Algunos hablan de “excusa” más que causa, pero los que afirman tal cosa parten de la misma premisa que es centrarse en el tratado a la hora de comprender el origen de la siguiente gran guerra. Ambas perspectivas ven los argumentos de Hitler, en relación con la “humillación” que implicó para Alemania, como el gran problema. Es cierto que el tratado construyó un débil equilibrio, incapaz de enfrentar las amenazas; pero más que las claras injusticias y sus errores diplomáticos, el camino al desastre nació de las revoluciones comunista y fascista. Se puede decir que fue el catalizador del avance de los dos grandes totalitarismos que inevitablemente terminarían enfrentándose.
A partir de la revolución fascista (nazi) se impuso la idea de la “humillación” de Versalles. Era el obstáculo que impedía el resurgir nacional, pero de no ser ese habrían encontrado otro chivo expiatorio para su discurso de odio. Lo que sí fue cierto es que el tratado significó una tregua, un alto el fuego mientras se desarrollaban los factores nacidos en la Primera Guerra Mundial (el “espíritu de las trincheras” en palabras de Francois Furet) que permitieron el reinicio de las batallas por el dominio de Europa para conservar el equilibrio establecido por Francia y el Reino Unido o el control del continente por Alemania o por dos potencias relativamente extrañas a la región: Estados Unidos y Rusia.
Nota de horror, solidaridad y denuncia: El país fue conmocionado el sábado 29 por la noticia del asesinato (según testimonios de su esposa y abogada) del capitán de corbeta Rafael Acosta Arévalo.
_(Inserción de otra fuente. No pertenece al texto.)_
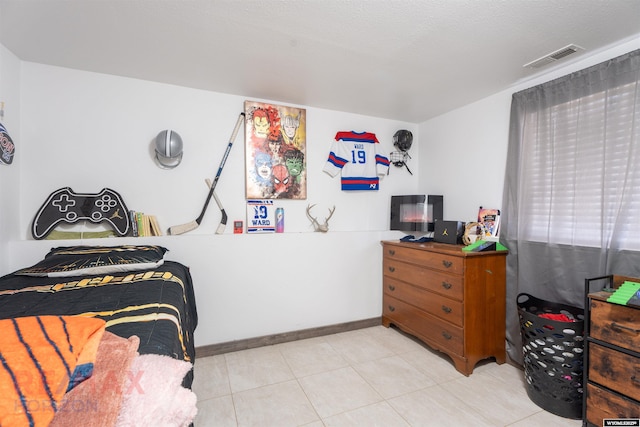 bedroom with light tile patterned floors, visible vents, and baseboards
El hecho ocurrió después de ser secuestrado por la Dgcim el 22 de junio y al ser presentado el 28 de junio en tribunales estaba en silla de ruedas por las torturas recibidas según su testimonio y pedía «¡auxilio!». Desde acá les enviamos el pésame a sus familiares y a todos los miembros de la Fuerza Armada que todavía posean algo de dignidad. Me pregunto: ¿queda alguna duda de gravedad de lo que estamos padeciendo? Ruego a Dios que nos infunda “un sublime aliento” para “lanzar el yugo”.